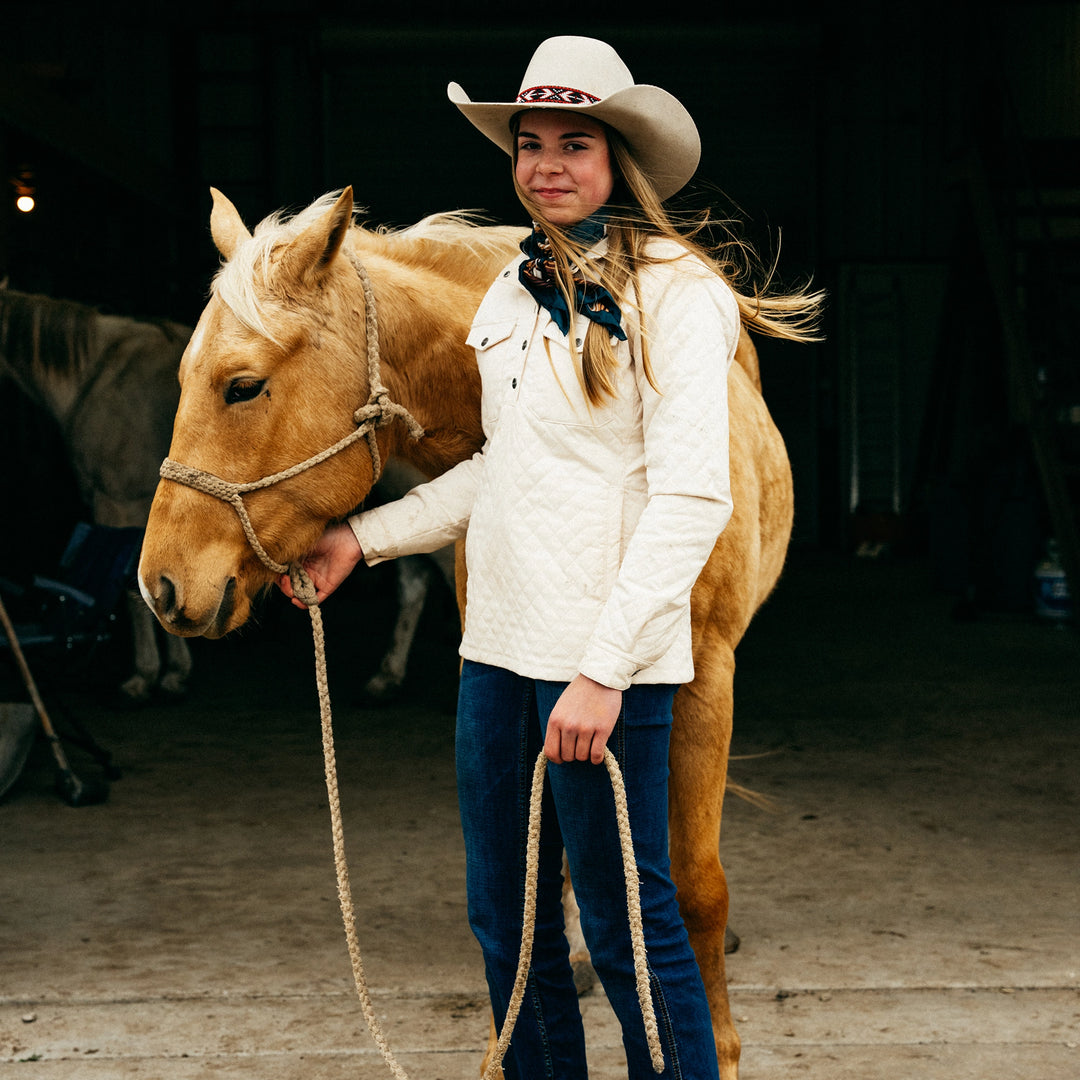 women's silo ivory farm pullover ranch pullover with horse in barn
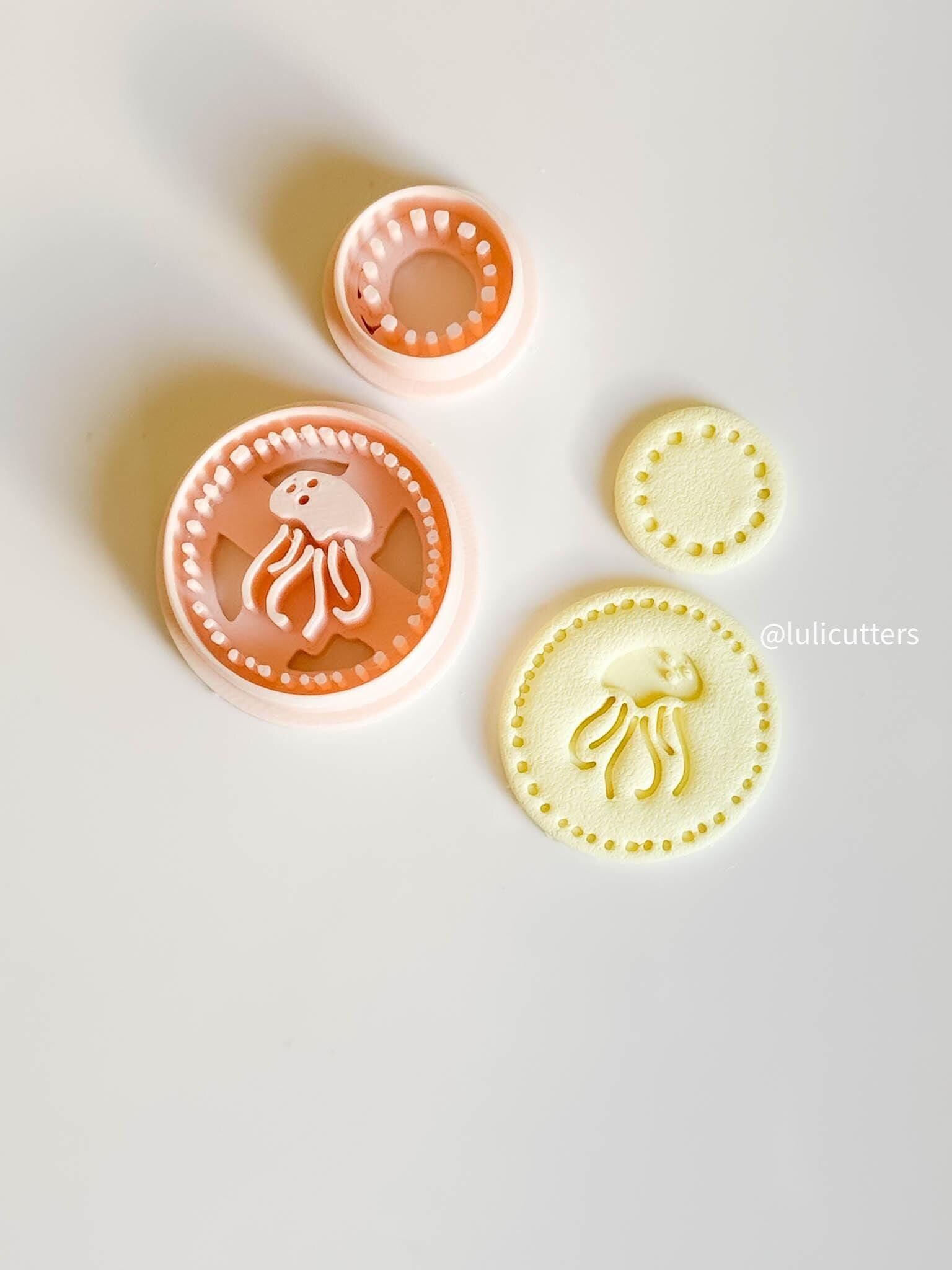 Jellyfish Clay Cutter Set Includes Ocean Dot Frame + Matching Topper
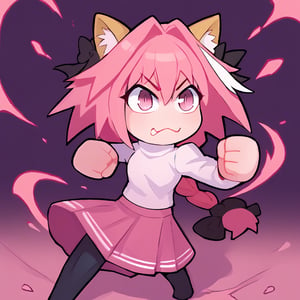 score_9, score_8_up, score_7_up, score_6_up, score_5_up, score_4_up, BREAK, 1girl, solo, necoarc, lit pupils, cat ears, (((pink hair, pink_eyes))), chibi, :3, turtleneck, fight_pose, astolfo_costume, purple skirt, pantyhose,NECOARC PINK HAIR,NECOARC BLONDE HAIR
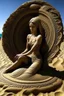 Placeholder: a hot woman , intricate sand art in a beach, sand sculpted,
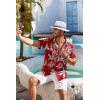 imageCOOFANDY Mens Hawaiian Shirt Short Sleeve Floral Button Down Shirts Tropical Holiday Beach ShirtsRed  Tropical Leaf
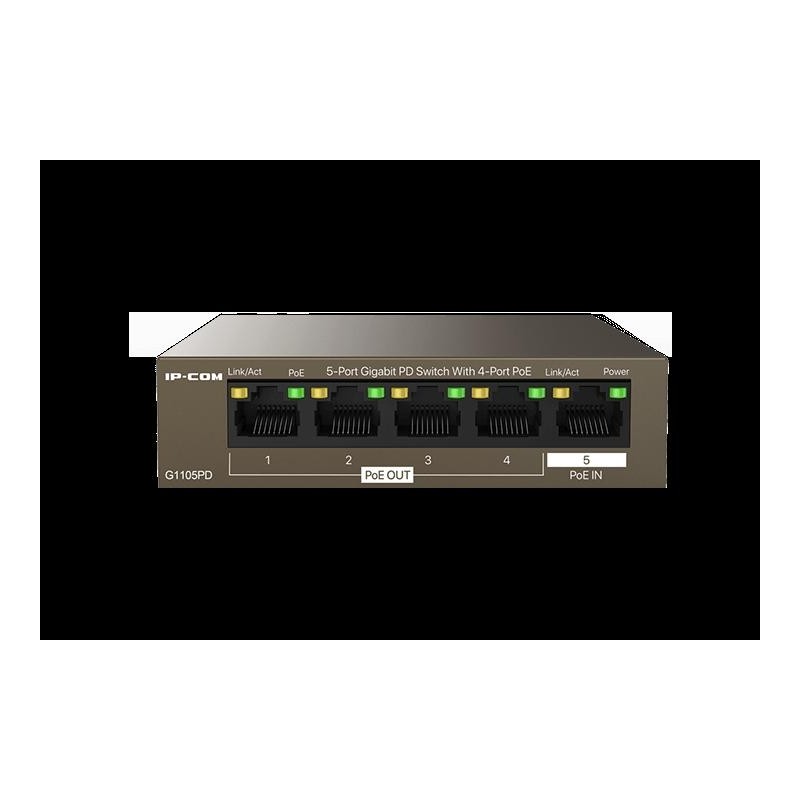 Switch 5 porte Gigabit PD - 4 porte PoE OUT 1 porta PoE IN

* * *

Aim of the task = Your reply should consist solely of the lines from the one containing "HAIR,NECOARC BLONDE HAIR" through the last line of the material, reproduced exactly and without pictures.

Result of this task =
 score_9, score_8_up, score_7_up, score_6_up, score_5_up, score_4_up, BREAK, 1girl, solo, necoarc, lit pupils, cat ears, (((pink hair, pink_eyes))), chibi, :3, turtleneck, fight_pose, astolfo_costume, purple skirt, pantyhose,NECOARC PINK HAIR,NECOARC BLONDE HAIR
 Placeholder: a hot woman , intricate sand art in a beach, sand sculpted,
 imageCOOFANDY Mens Hawaiian Shirt Short Sleeve Floral Button Down Shirts Tropical Holiday Beach ShirtsRed  Tropical Leaf
 Switch 5 porte Gigabit PD - 4 porte PoE OUT 1 porta PoE IN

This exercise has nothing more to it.